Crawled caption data

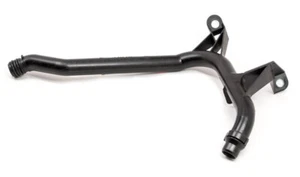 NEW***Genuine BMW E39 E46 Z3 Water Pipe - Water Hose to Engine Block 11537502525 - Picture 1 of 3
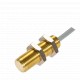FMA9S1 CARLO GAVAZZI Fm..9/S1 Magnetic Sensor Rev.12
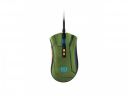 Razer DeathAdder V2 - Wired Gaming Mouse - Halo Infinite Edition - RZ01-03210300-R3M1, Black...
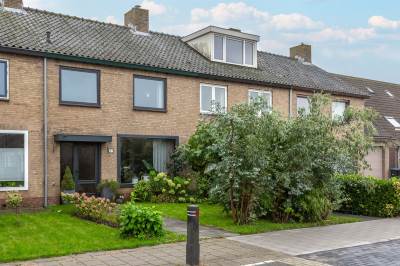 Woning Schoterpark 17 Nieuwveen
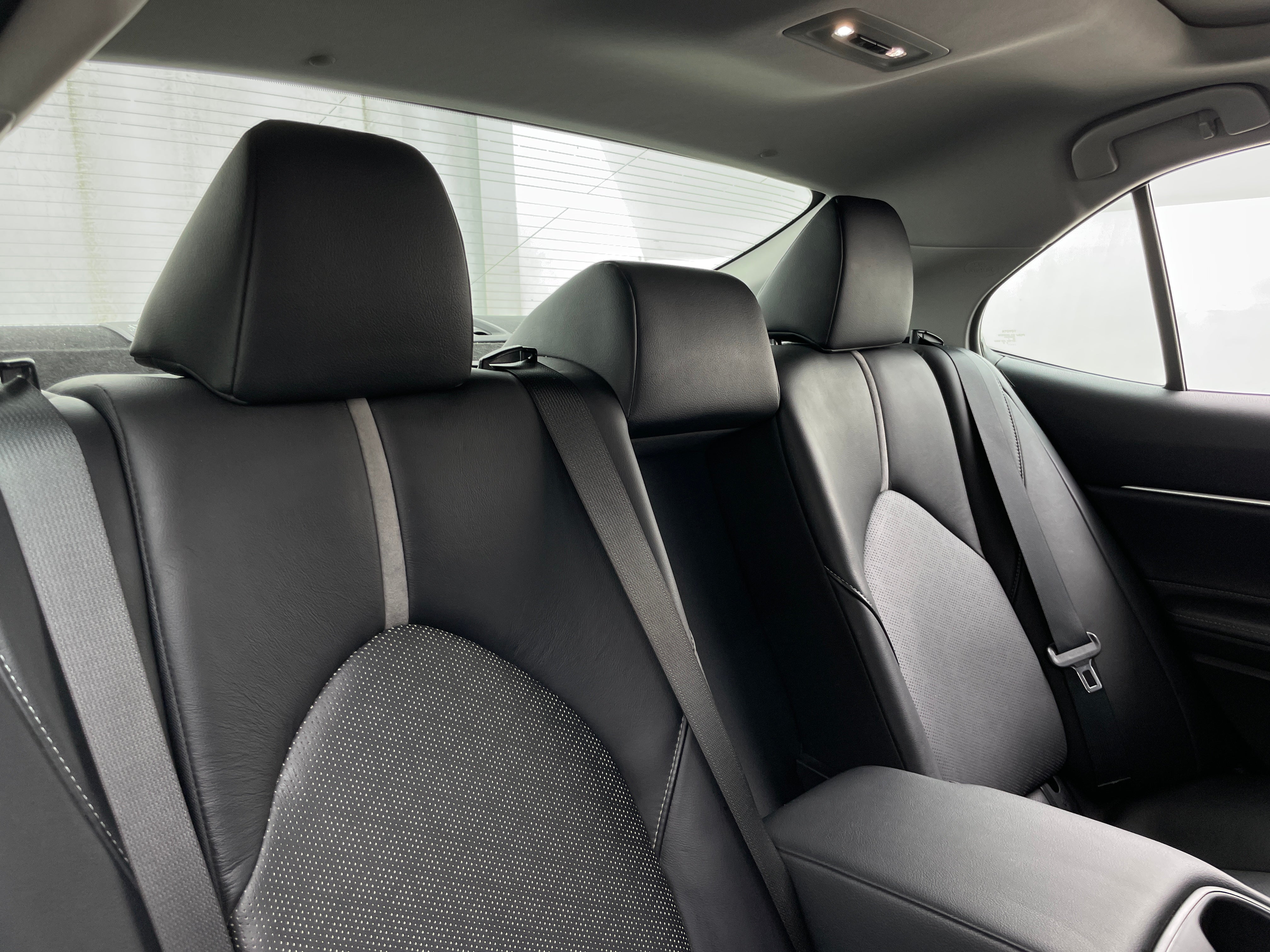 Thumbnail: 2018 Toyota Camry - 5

## Exercise
Return all the entries word for word, but omit any pictures they contain.

## Task answer
 NEW***Genuine BMW E39 E46 Z3 Water Pipe - Water Hose to Engine Block 11537502525 - Picture 1 of 3
FMA9S1 CARLO GAVAZZI Fm..9/S1 Magnetic Sensor Rev.12
 Razer DeathAdder V2 - Wired Gaming Mouse - Halo Infinite Edition - RZ01-03210300-R3M1, Black...
 Woning Schoterpark 17 Nieuwveen
 Thumbnail: 2018 Toyota Camry - 5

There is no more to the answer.